I am running a multi-level multinomial model, but having some issues fitting it efficiently with brms. First off, I am aware fitting Bayesian models can be computationally heavy and it requires time, but my models run more than 30 days without finishing and I am afraid I have overlooked something important.
I want to model the mapping between seven decorrelated continuous variables and 7 categories. Moreover, I want to describe how this mapping differs between demographic variables (like sex, country or language). I am using the following intercept-free model:
model <- brm( category ~ 0 + RC1 + RC2 + RC3 + RC4 + RC5 + RC6 + RC7 + (0 + RC1 + RC2 + RC3 + RC4 + RC5 + RC6 + RC7 | sex + country:language + speaker), data = dat_list, family = categorical(link = "logit"), prior = set_prior("normal(0,1)", class = "b"), control = list(adapt_delta = 0.999, max_treedepth = 15)) )

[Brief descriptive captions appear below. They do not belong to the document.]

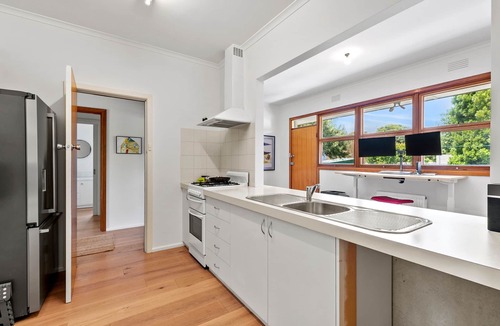 Point Lonsdale Apartment | CUILIDH - old point Lonsdale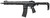 KRISS DMK22S 22LR 13.5 THREADED BARREL BLACK M-LOK 25RD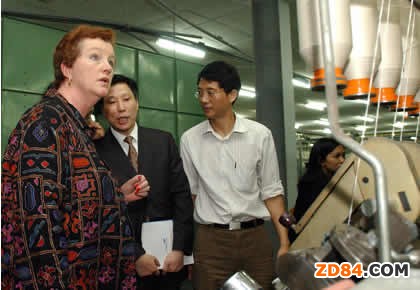 山東省上半年紡織品貿(mào)易摩擦分析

The full dataset consists of 52k samples. Most group-level effects contain a few levels, but one factor contains 432 levels (speakers).
Somehow the model does not scale well:
- The full model as specified above runs in reasonable time and without warnings on a subset of the data
- An intercept-only model on all data also runs in reasonable time and without warnings (
RC1 + RC2 + RC3 + RC4 + RC5 + RC6 + RC7 + (1 | sex) + (1 | country:language) + (1 | speaker))
- A population-level model only runs through very fast on the full dataset (
RC1 + RC2 + RC3 + RC4 + RC5 + RC6 + RC7)
- But sampling from the full dataset with the full model does not work well (often it does not even reach the 10% marker)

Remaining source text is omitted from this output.